Seoul to soon restore ties with Pyongyang: unification minister

Posted on : 2006-12-21 16:43 KST Modified on : 2019-10-19 20:29 KST

The South Korean government may resume its humanitarian assistance to North Korea in the near future as part of efforts to mend soured ties with the communist nation, the country's point man on North Korea said Thursday.

"The government has a principle to resume the North-South dialogue at the earliest date possible," Unification Minister Lee Jae-joung told reporters.

Lee was the highest, if not the first, South Korean official to express hope for resuming the country's dialogue with the communist North, which has been stalled since a high-profile meeting in July.

The relationship between the divided Koreas was nearly severed after Seoul suspended shipments of its humanitarian assistance to the North to punish the communist nation for test-launching ballistic missiles in July.

He said no date has been set for the resumption of inter-Korean talks, but his remarks followed a special lecture for a group of policy advisors to the president, in which he said the government's humanitarian assistance to the North would soon be resumed or "resolved."

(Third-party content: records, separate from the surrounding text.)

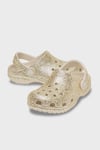 Classic Chunky Glitter Clog T Simli Unisex Çocuk Terlik 211940-0LH KUM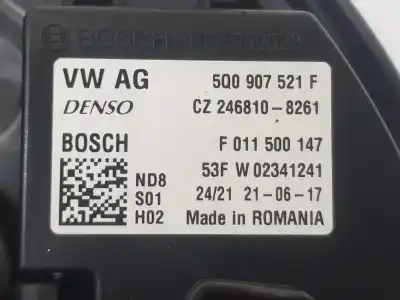 Автозапчасти б/у нагревательный вентилятор за seat ateca (kh7) style ссылки oem iam 5wb819015  5wb819015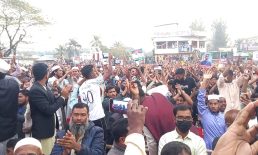 ব্লকবাঁধসহ হাতিয়াকে জেলা নানা উন্নয়নের প্রতিশ্রুতি: হান্নান মাসুদের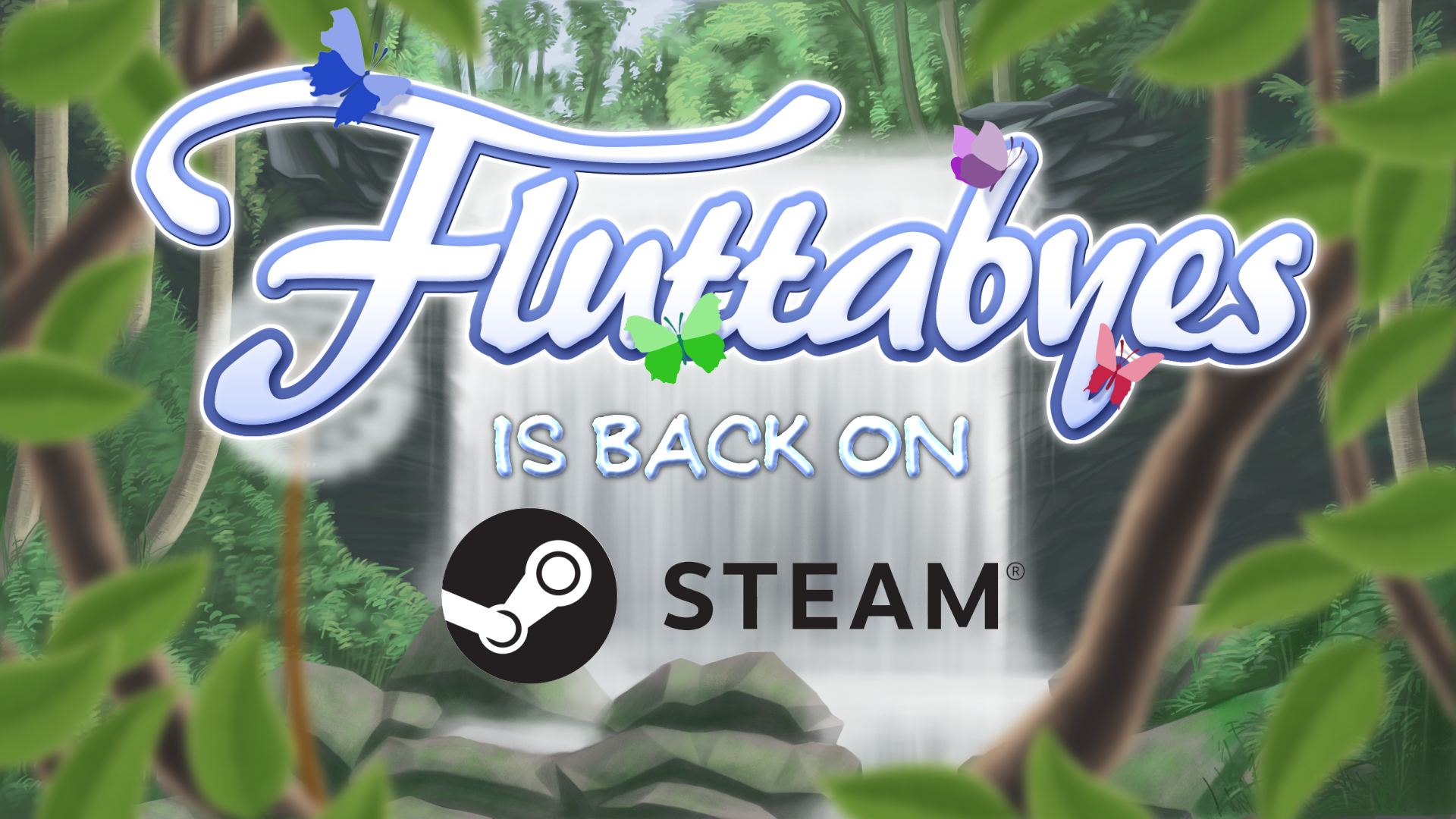 Fluutabyes is back on Steam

"What is unfortunate is that the dialogue between the North and South Korea and (South Korea's) humanitarian assistance is still suspended," the minister said in a lecture for the 500-member standing committee of the presidential National Unification Advisory Council.

"But I believe this will soon be resolved," he added.

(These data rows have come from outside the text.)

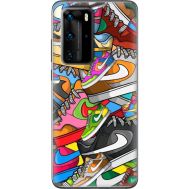 Силіконовий чохол BoxFace Huawei P40 Pro Sneakers (39750-up2423)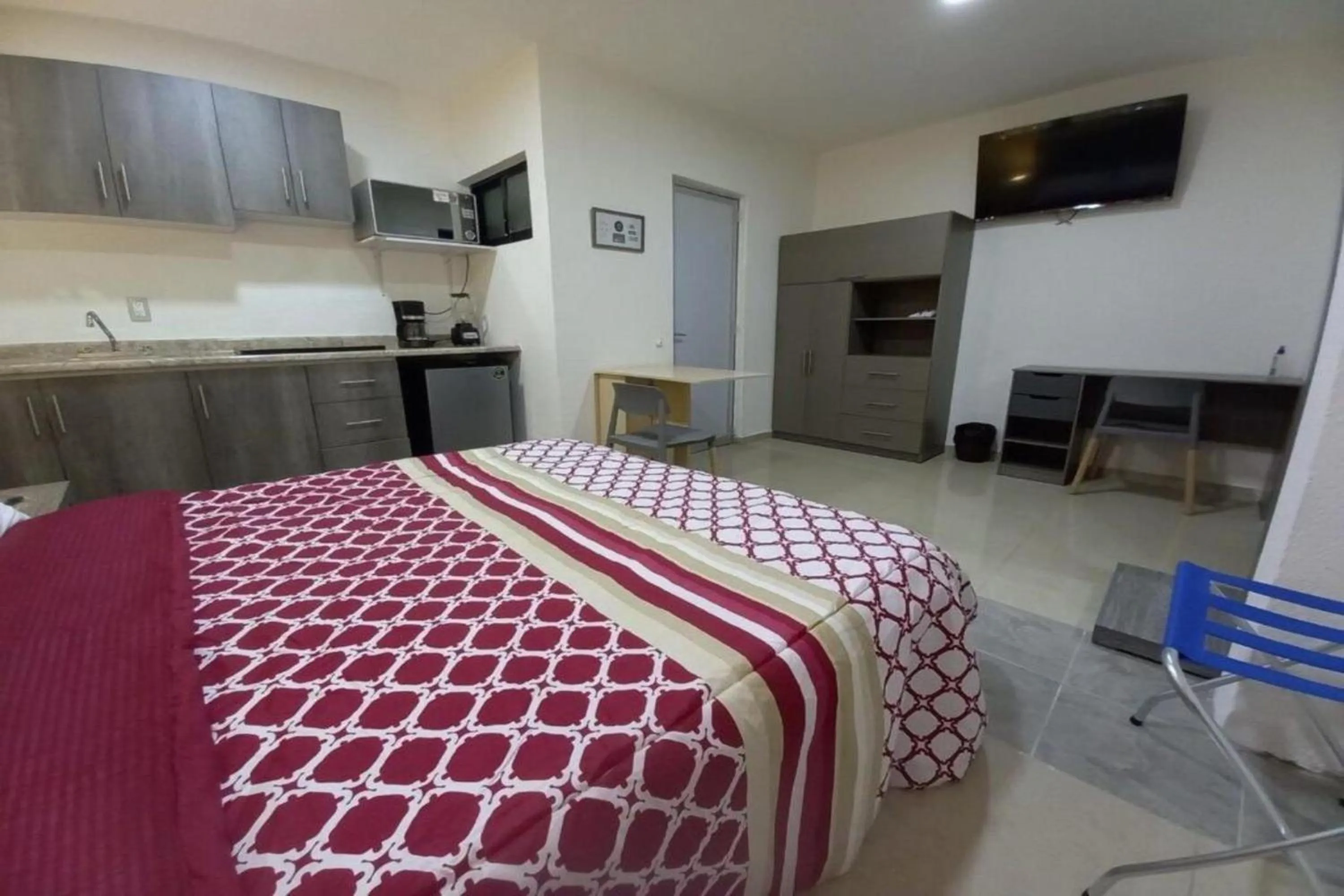 Bedroom, Bed in Capital O Tu Estancia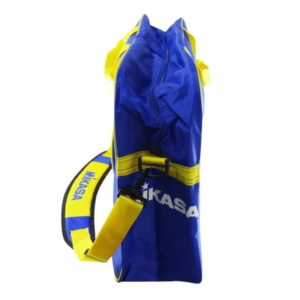 Bolso Mikasa Azul Amarillo 6 Balones Voleibol V200W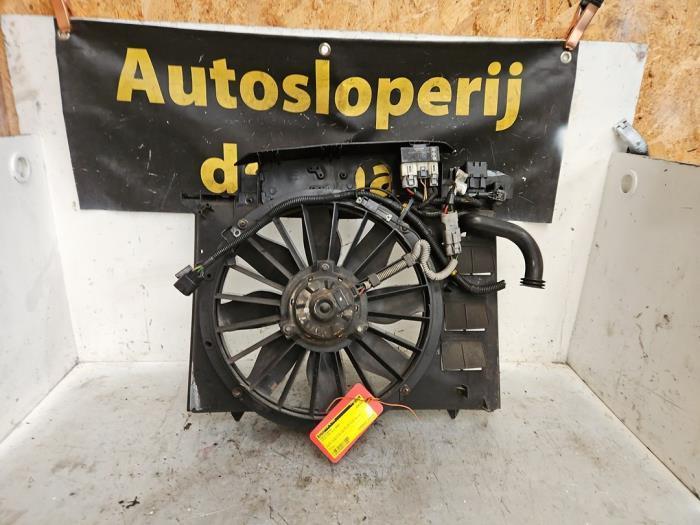 Radiateurfan van een Volvo C70, Auto-onderdelen, Airco en Verwarming, Volvo, Gebruikt, 3 maanden garantie, Ophalen of Verzenden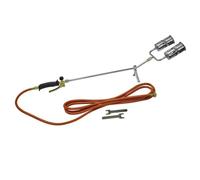Kit De Couverture, Brûleur À Gaz Dedra 31B024 Double Buse, Diamètre De La Buse 60Mm, Tuyau 5M
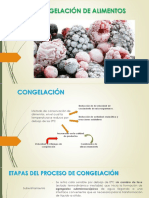 Congelación de Alimentos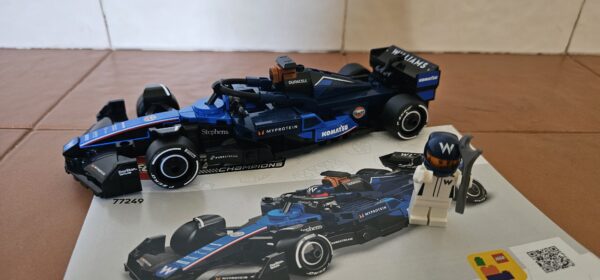 Lego® 77249 Speed Champions Williams Racing FW46 F1® Rennauto – Bild 2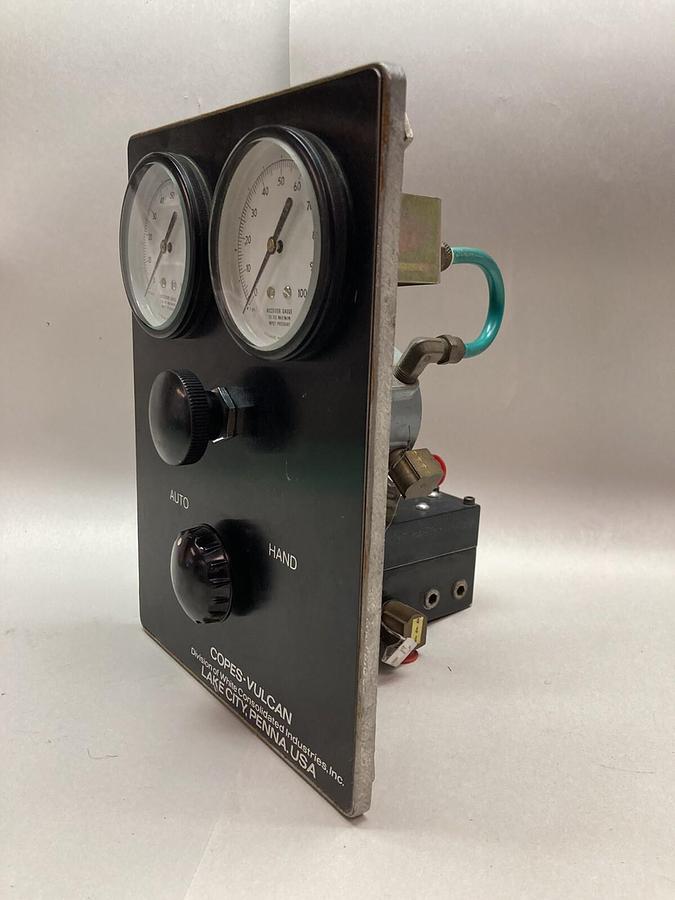 Used Copes Vulcan,AM-4,Receiver gauge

Tension soared after Pyongyang set off an underground nuclear explosion on Oct. 9, but the minister said his country and its people have successfully managed the situation.

The remarks came amid resumed talks in Beijing between North Korea and five other nations, including South Korea and the United States, to put a peaceful end to the prolonged dispute over the communist nation's nuclear weapons program.

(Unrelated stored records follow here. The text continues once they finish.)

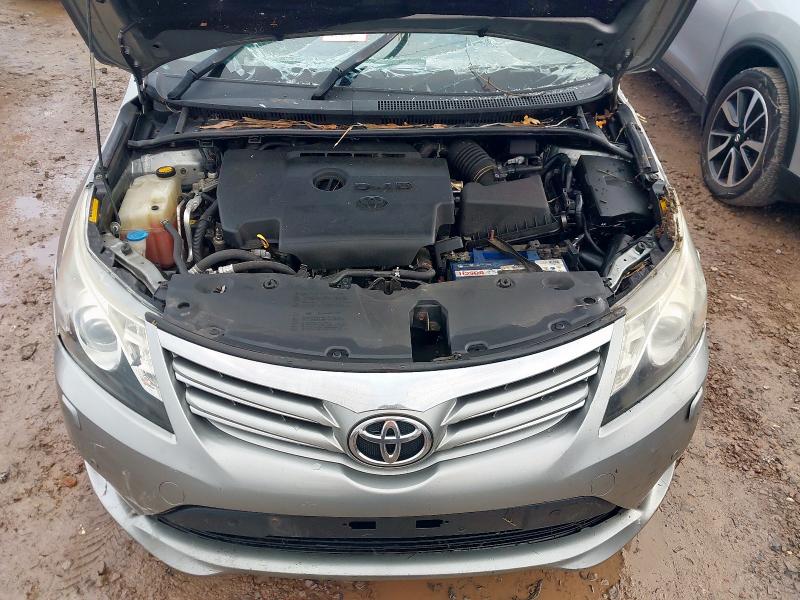 2013 TOYOTA AVENSIS 2.2 D-4D EXCEL 4DR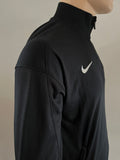 2024-2025 FC Barcelona Away Jacket Travel Black  Old Spotify BNWOT Multiple Sizes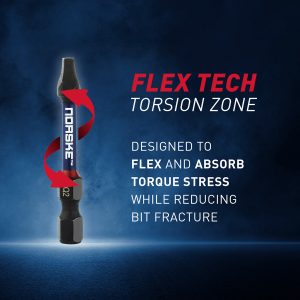 46 PC IMPACT TORSION BIT SET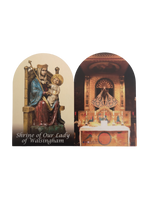 Our Lady of Walsingham Icon with Holy House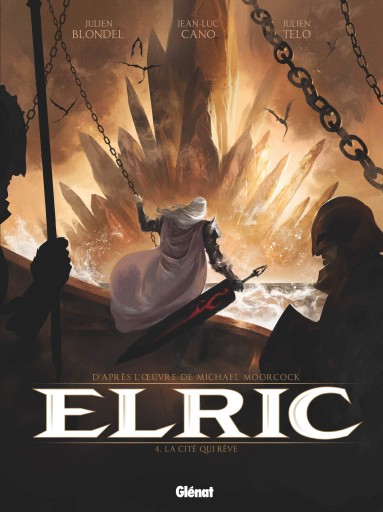 Blondel, Julien Elric - Tome 04: La cité qui rêve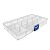 Caixa Organizadora Plástica 17,6x10,2x2cm com 15 Divisórias - Imagem 1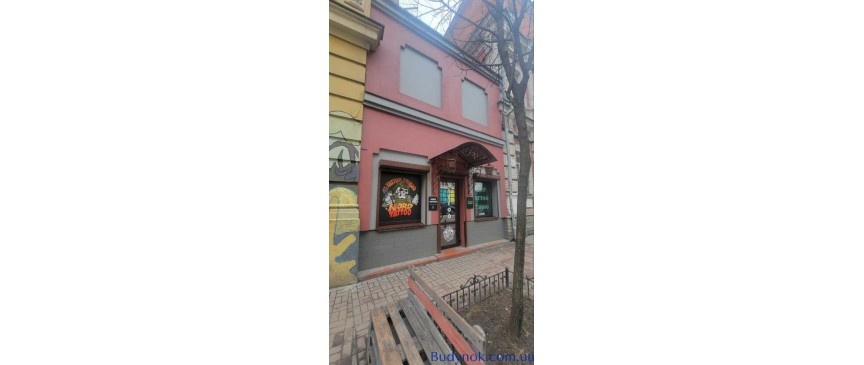  Оренда магазин / бутік / галерея в центрі 108м2, В. Житомирська, 13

The minister said an early resumption of inter-Korean dialogue was needed to support the six-party nuclear talks, which resumed Monday in Beijing after a 13-month hiatus caused by a North Korean boycott.

But he also said exchanges and dialogue between the Koreas need to be maintained regardless of difficulties in the nuclear disarmament talks.

"I believe inter-Korean talks could help (resolve the nuclear dispute) if they can help resolve difficulties in the six-party talks and if an agreement reached between the Koreas works to support the six-party negotiations," he said. The nuclear negotiations are also attended by Japan, Russia and host China.

The number of South and North Koreans crossing the inter-Korean border has already topped last year's total of 88,000 as of the end of last month, while the amount of cross-border trade between the two has reached more than US$1.26 billion, also surpassing the record $1 billion mark set last year, the minister said.

"This, at the end, can be said to have come from the mood for reconciliation and cooperation between the North and the South," Lee told the policy advisors.

Lee also called for continued economic cooperation projects with the communist North in the latter's border town of Kaesong and the east coast resort of Mount Geumgang, an apparent move to dismiss U.S. criticism toward the joint projects accused of funneling funds to the North's communist regime, if not directly financing Pyongyang's nuclear and weapons of mass destruction programs.

"Even if we add all the money paid to North Korea in admission fees (for South Korean tourists) to the Mount Geumgang resort and wages to North Korean workers at the Kaesong industrial complex, it only adds up to less than $20 million a year," the minister said.

The amount, Lee said, "only accounts for 1.4 percent of the hard currency North Korea earns in a year" through trade and other means.

North Korea is accused of manufacturing and circulating large amounts of counterfeit U.S. dollars.

The communist state left the six-party talks in November 2005 in protest of restrictions imposed by the United States on a Macau bank suspected of helping North Korea launder counterfeit U.S. dollars.